作者简介:李军亮(1975年—)，博士研究生，主要研究方向为页岩油地质综合研究工作，lijunliang.slyt@sinopec.com。
基金资助:
国家科技重大专项“渤海湾盆地济阳坳陷古近系陆相页岩油勘探开发技术与集成示范”(2024ZD1405100);国家自然科学基金企业创新发展联合基金项目(U24B6002);中国石油化工集团有限公司项目(P23084);中国石油化工集团有限公司项目(P24027)

Discrete element simulation of direct shear tests for investigating the influence of bedding dips on fracture propagation in carbonate-rich shale

LI Junliang¹^,², ZHANG Kuihua²^,³, FENG Haifeng⁴, LIU Xinjin¹^,², LIU Zhina⁴^,^*(), QIN Feng¹^,², CHEN Tao¹^,², WANG Yong¹^,², YAN Jiajie⁴, YUAN Guiting¹^,², YU Fusheng⁴, WEI Xiaoliang¹^,⁵

1 Exploration and Development Research Institute, Sinopec Shengli Oilfield Company, Dongying 257015, China
2 National Key Laboratory of Shale Oil and Gas Enrichment Mechanism and Efficient Development, Dongying 257015, China
3 Sinopec Shengli Oilfield Company, Dongying 257000, China
4 College of Geosciences, China University of Petroleum, Beijing 102249, China
5 Sinopec Shengli Oilfield Postdoctoral Workstation, Dongying 257015, China

Received:2025-06-05 Revised:2025-09-17 Online:2025-12-30 Published:2025-12-30

摘要/Abstract

摘要：

本研究针对渤海湾盆地济阳坳陷东营凹陷沙三下-沙四上亚段富碳酸盐质页岩，结合离散元模拟与声发射监测方法，构建直剪试验数值模型，分析不同层理倾角下的裂纹扩展规律和能量演化特征，建立层理倾角、应力状态与裂缝数量的定量关系。

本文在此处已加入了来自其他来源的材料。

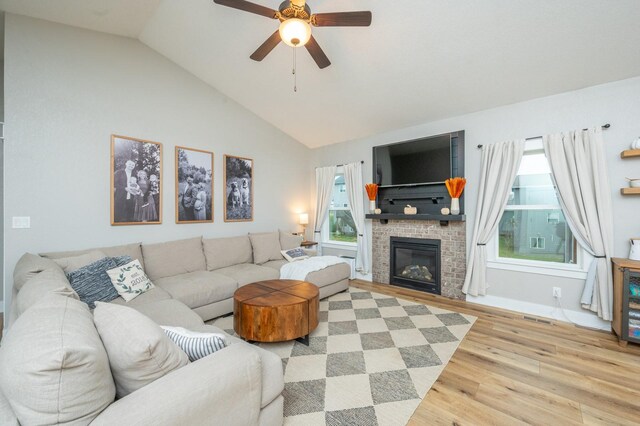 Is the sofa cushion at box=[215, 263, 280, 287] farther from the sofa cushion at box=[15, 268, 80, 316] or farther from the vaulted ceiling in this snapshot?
the vaulted ceiling

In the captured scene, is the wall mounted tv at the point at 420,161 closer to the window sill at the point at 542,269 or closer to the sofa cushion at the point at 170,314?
the window sill at the point at 542,269

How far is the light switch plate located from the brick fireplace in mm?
4524

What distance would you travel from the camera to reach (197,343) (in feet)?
4.42

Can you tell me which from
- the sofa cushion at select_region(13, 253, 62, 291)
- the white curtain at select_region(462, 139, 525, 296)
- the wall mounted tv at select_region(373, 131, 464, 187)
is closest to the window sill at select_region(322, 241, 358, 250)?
the wall mounted tv at select_region(373, 131, 464, 187)

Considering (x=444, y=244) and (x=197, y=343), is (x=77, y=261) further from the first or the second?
A: (x=444, y=244)

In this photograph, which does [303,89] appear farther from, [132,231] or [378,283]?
[378,283]

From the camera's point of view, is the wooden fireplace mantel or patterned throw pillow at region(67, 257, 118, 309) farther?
the wooden fireplace mantel

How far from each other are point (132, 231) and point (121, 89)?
69.3 inches

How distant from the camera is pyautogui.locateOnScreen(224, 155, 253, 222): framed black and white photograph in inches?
173

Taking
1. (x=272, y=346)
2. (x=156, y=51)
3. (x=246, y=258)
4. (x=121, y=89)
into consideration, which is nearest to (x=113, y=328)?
(x=272, y=346)

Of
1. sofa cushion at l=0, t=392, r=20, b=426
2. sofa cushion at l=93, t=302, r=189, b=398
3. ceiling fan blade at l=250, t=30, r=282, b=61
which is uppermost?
ceiling fan blade at l=250, t=30, r=282, b=61

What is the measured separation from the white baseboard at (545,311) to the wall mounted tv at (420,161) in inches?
68.0

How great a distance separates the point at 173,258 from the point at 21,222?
4.74 ft

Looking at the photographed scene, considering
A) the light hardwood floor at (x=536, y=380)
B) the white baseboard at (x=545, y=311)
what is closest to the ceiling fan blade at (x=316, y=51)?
the light hardwood floor at (x=536, y=380) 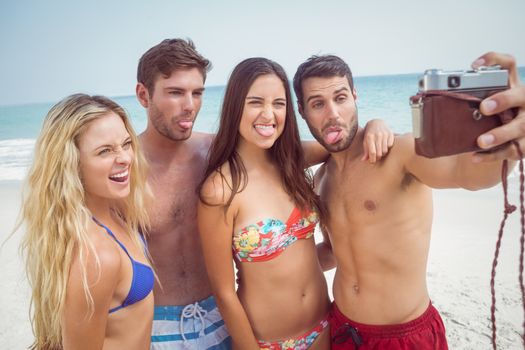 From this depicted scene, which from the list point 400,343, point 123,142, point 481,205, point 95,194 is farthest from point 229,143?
point 481,205

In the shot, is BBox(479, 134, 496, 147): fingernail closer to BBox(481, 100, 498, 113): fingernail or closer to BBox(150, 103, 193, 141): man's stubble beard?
BBox(481, 100, 498, 113): fingernail

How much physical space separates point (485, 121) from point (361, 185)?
4.31 feet

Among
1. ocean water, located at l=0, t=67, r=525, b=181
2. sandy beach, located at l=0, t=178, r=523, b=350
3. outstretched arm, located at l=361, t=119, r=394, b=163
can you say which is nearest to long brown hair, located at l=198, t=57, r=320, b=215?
outstretched arm, located at l=361, t=119, r=394, b=163

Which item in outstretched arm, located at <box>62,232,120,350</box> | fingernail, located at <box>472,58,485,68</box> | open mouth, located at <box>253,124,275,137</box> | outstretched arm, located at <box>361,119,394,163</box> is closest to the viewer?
fingernail, located at <box>472,58,485,68</box>

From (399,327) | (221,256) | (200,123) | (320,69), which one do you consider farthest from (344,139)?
(200,123)

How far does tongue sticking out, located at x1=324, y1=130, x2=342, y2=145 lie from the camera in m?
2.53

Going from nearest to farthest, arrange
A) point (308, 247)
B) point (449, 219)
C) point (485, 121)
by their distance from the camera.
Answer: point (485, 121) → point (308, 247) → point (449, 219)

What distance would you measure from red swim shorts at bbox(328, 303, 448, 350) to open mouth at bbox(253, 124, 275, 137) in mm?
1300

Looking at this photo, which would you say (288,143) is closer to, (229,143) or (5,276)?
(229,143)

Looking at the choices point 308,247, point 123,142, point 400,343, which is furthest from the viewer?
point 308,247

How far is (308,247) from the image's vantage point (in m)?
2.65

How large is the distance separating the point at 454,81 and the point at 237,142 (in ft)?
5.47

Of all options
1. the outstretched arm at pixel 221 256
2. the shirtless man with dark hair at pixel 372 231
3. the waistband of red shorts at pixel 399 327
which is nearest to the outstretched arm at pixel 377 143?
the shirtless man with dark hair at pixel 372 231

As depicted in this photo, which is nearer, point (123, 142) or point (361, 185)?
point (123, 142)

结果表明：(1)直剪作用下，高剪应力诱发约45°雁列状张裂缝，扩展后与沿层理剪切裂隙贯通，形成宏观破裂带；随层理倾角增大，破裂带由阶梯状转为“之”字形，非均质性增强；(2)破裂机制受层理倾角控制，低角度以沿层剪切为主，高角度转为基质张-剪复合破裂；(3)起裂、损伤和峰值应力随倾角增大先升后降，在40°~50°达到最大；(4)裂纹扩展分为起裂、快速扩展(占85%以上)和慢速扩展三阶段，张裂纹占82.6%，剪裂纹占17.4%且多沿层理分布；(5)数值模拟、岩芯观察与室内试验均显示相似扩展模式，包括沿层剪裂隙和斜切或穿层张裂隙。层理倾角是控制裂缝发育的关键因素，直接影响裂缝方向、复杂程度和改造体积。研究成果为陆相页岩天然裂缝的成因与预测提供理论支持，对提升页岩油开采效率和作业安全具有重要意义。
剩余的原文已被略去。